Tout le monde ou presque connaît les conférences TED. Si ce n’est pas le cas, allez tout de suite sur http://www.ted.com. Beaucoup ont oublié que les initiales signifient Technology Entertainment Design ; un début de piste intéressant quant à ce qui fait le succès du format. Et très peu d’entre nous connaissons vraiment les règles du format…

Bien sûr, nous percevons en les voyant que les conférences TED sont formatées. Pourtant, il y en a des milliers et elles présentent une grande variété. Quel est le secret ? Y en a-t-il un ? C’est ce que Chris Anderson, qui dirige TED à partir de 2001, partage dans son livre. C’est peu dire qu’il a un peu d’expérience sur son sujet !

D’abord les règles TED : jamais plus de 18 minutes (pour info, c’est 2500 mots) et pas de questions après la conférence. La première règle oblige les intervenants à condenser et nous assurer que s’ils sont peu intéressants, ce sera au moins court ! Le présupposé de la seconde règle est qu’un autre intervenant sera toujours plus intéressant pour l’audience qu’une session de questions-réponses. Les questions sont rarement pertinentes, intéressantes et courtes ; sans parler des réponses…

Ces deux règles sont-elles tout ce qu’on trouve dans le guide de Chris Anderson ? Evidemment non. Prêt à un condensé ?


Cet ouvrage fait partie d’un recueil de synthèses (la bibliothèque), d’une sélection d’ouvrages que tout le monde ou presque devrait avoir lu (le label Curatus) et d’une liste de livres au message brillant, mais simple (les 3-line punchers). Prenez le temps de parcourir ces listes. Certains titres pourraient vous intriguer !

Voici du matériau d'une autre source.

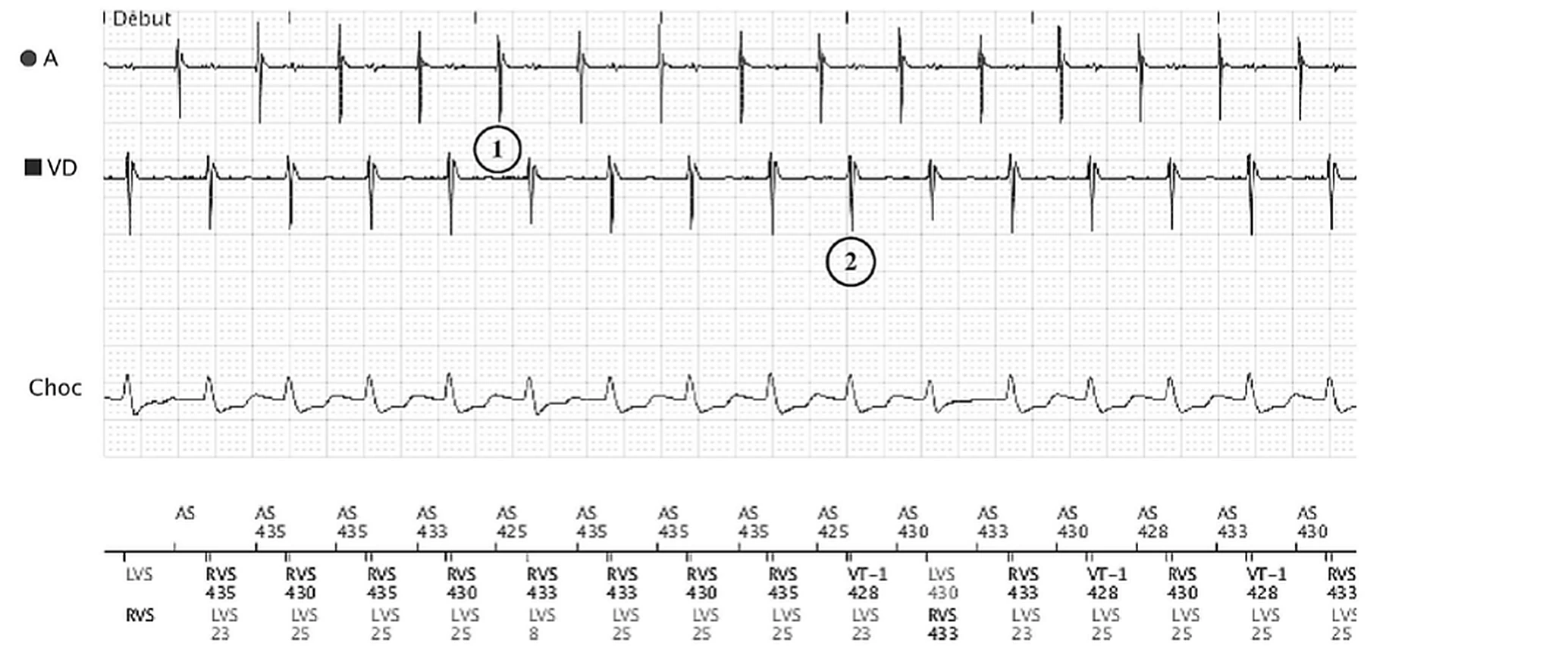Boston Scientific CRT electrogram, segment 2/3 — Exercise: sinus tachycardia in the VT-1 zone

D’abord, l’auteur insiste sur le fait que bien parler en public est une compétence utile qui s’apprend et demande du travail. C’est normal d’avoir le trac de parler en public : les enjeux sont importants et nous avons en général peu l’habitude. Personne ne naît conférencier émérite ; derrière toutes les excellentes conférences, il y a… beaucoup de travail en respectant un jeu de règles.

Les règles de base

Première règle : avoir quelque chose à dire. Il nous faut un message pour le monde. Nous serons convaincants si nous sommes convaincus. Le format TED est si plaisant sur la forme que l’on pourrait croire qu’on peut se passer de fond. Rien n’est plus faux : si le message est creux, l’audience l’entendra et le sentira. Avez-vous un message ? Quelle est votre idée qui peut transformer la vision du monde de ceux qui vous écoutent ?

Une bonne conférence montre pourquoi le sujet est important et étoffe les arguments à l’aide d’exemples, d’anecdotes et de faits réels. Elle relie cela au sein d’un fil conducteur qui mentionne uniquement les points susceptibles d’être suffisamment explorés pour fasciner l’auditoire.

La structure du fil conducteur peut être très simple : introduction (établir le sujet), contexte (expliquer l’importance, explication des idées principales, implications pratiques puis conclusion forment cinq étapes classiques et robustes qui fonctionnent. Évidemment, il faudra un petit quelque chose en plus pour en faire une expérience mémorable. Jusqu’ici, cela a l’air très simple. Non ? Voyons plus en détails.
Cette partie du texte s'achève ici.